#### Exercise data:
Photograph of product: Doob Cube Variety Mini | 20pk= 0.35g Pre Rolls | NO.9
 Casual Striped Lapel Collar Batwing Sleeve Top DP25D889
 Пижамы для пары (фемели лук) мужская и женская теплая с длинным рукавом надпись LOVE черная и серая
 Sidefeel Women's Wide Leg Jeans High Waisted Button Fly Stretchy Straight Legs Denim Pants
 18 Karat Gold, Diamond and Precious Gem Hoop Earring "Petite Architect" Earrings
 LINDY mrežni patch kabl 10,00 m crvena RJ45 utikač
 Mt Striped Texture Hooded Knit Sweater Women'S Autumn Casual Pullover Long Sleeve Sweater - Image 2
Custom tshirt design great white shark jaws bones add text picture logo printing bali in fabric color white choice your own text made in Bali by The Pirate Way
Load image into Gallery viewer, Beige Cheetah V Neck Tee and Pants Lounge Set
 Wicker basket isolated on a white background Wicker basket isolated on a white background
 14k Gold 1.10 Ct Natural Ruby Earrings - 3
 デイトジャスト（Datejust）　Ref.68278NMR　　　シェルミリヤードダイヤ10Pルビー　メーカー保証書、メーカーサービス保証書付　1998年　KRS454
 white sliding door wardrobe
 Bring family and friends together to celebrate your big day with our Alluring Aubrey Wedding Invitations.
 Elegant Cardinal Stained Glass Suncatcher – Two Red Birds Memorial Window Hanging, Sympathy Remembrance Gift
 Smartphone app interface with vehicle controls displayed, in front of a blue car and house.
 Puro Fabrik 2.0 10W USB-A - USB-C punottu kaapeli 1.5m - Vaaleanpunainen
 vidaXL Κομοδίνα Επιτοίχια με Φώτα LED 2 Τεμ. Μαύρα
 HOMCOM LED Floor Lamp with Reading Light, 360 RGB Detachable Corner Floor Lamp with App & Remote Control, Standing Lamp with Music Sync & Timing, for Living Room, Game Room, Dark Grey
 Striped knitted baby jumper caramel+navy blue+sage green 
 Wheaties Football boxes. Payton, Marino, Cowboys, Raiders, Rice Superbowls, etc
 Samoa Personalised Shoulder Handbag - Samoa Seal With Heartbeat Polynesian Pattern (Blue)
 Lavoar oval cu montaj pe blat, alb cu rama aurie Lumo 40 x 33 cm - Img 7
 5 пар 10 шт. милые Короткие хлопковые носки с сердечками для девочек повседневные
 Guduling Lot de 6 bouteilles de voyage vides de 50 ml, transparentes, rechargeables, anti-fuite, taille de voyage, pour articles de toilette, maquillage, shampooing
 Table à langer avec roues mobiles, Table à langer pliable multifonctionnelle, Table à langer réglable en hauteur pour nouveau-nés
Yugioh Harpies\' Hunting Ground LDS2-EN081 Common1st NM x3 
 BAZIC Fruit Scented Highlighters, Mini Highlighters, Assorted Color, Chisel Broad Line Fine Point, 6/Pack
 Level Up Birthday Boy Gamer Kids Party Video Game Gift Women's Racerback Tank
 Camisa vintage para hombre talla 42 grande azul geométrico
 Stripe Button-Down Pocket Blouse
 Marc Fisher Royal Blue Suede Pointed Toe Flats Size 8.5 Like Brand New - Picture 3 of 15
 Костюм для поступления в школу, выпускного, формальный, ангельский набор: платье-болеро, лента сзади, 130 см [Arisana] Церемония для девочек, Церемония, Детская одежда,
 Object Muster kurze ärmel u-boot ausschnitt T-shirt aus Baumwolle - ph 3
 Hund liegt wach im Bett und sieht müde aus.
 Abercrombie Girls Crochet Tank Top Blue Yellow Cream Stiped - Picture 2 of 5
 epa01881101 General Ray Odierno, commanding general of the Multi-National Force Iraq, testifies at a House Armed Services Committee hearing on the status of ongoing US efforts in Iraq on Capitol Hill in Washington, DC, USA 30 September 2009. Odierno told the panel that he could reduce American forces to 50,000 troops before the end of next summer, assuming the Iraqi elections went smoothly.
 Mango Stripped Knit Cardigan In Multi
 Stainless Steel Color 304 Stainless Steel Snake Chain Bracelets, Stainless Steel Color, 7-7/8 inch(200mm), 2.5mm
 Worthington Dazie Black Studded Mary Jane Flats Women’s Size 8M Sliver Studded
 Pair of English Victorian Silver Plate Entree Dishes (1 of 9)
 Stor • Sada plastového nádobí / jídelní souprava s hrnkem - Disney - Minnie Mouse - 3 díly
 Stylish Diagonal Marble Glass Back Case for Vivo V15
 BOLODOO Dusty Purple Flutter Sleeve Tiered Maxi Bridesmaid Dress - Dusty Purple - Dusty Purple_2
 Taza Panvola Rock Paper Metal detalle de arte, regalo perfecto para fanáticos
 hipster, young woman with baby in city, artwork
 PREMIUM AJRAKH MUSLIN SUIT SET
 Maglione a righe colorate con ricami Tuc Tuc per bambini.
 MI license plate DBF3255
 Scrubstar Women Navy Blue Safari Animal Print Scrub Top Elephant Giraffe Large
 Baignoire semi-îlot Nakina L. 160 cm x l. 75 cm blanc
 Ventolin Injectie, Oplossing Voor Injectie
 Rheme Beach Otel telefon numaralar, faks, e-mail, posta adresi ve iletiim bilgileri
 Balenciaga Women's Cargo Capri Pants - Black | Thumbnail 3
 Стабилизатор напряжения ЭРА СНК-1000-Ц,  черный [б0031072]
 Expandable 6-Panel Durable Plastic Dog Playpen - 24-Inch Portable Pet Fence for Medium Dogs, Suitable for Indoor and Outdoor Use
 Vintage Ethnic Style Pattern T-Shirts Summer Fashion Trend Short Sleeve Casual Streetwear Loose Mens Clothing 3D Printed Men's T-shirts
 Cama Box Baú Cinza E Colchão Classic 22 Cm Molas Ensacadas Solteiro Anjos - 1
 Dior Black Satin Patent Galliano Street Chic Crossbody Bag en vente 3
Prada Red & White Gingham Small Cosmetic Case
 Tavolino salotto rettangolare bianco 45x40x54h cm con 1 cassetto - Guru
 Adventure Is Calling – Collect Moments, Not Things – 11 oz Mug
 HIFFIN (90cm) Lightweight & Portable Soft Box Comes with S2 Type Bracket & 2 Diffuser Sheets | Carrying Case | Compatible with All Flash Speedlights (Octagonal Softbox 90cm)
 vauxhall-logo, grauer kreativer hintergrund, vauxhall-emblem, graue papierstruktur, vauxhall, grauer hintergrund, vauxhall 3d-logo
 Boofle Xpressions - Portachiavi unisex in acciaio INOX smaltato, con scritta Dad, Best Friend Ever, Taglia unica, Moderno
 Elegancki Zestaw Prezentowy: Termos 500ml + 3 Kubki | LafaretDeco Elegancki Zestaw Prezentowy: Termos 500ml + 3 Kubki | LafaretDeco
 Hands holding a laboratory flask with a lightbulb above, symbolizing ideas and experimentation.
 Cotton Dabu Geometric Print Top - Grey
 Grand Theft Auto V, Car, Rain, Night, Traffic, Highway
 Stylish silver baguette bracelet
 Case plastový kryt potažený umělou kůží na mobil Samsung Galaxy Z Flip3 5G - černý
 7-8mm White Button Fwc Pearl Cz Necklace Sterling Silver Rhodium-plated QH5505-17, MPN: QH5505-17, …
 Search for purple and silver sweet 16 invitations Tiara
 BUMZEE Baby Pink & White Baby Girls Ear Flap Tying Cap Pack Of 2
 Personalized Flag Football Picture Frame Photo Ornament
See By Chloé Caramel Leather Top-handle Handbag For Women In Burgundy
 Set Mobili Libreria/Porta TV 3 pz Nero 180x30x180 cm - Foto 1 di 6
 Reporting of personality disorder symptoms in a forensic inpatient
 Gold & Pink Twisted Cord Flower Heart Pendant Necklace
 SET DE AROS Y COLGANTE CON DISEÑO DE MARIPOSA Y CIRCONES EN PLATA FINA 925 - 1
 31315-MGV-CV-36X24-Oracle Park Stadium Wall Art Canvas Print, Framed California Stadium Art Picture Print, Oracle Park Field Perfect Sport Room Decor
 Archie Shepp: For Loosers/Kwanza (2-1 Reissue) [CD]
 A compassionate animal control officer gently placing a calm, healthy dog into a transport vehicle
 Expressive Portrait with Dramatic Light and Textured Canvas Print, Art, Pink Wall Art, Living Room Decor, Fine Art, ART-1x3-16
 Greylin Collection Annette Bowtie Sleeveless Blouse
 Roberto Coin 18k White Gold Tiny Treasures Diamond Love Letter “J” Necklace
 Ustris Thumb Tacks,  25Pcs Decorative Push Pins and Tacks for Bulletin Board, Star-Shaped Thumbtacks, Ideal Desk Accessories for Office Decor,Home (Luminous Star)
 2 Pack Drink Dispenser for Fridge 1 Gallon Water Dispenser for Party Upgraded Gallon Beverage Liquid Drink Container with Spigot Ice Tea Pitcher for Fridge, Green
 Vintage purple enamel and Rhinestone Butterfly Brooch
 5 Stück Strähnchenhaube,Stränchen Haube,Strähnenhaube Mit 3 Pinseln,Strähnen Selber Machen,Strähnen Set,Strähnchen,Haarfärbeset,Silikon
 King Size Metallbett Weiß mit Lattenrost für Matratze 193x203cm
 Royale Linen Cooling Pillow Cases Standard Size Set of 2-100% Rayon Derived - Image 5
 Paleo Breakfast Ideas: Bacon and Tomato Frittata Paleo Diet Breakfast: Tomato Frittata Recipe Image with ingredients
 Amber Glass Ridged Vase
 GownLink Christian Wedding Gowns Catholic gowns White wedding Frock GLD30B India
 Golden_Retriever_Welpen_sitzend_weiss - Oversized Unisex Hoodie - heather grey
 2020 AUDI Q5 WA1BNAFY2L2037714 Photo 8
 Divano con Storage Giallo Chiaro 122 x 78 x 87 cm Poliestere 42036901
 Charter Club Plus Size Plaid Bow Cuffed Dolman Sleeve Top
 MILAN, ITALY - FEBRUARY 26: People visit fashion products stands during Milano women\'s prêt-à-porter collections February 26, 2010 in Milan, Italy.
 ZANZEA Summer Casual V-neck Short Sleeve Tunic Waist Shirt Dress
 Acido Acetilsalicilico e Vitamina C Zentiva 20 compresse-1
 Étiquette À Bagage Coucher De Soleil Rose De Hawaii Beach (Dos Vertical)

#### Work order:
Would you copy every line of the entries in which "Dress" appears?

#### Task answer:
 BOLODOO Dusty Purple Flutter Sleeve Tiered Maxi Bridesmaid Dress - Dusty Purple - Dusty Purple_2
 ZANZEA Summer Casual V-neck Short Sleeve Tunic Waist Shirt Dress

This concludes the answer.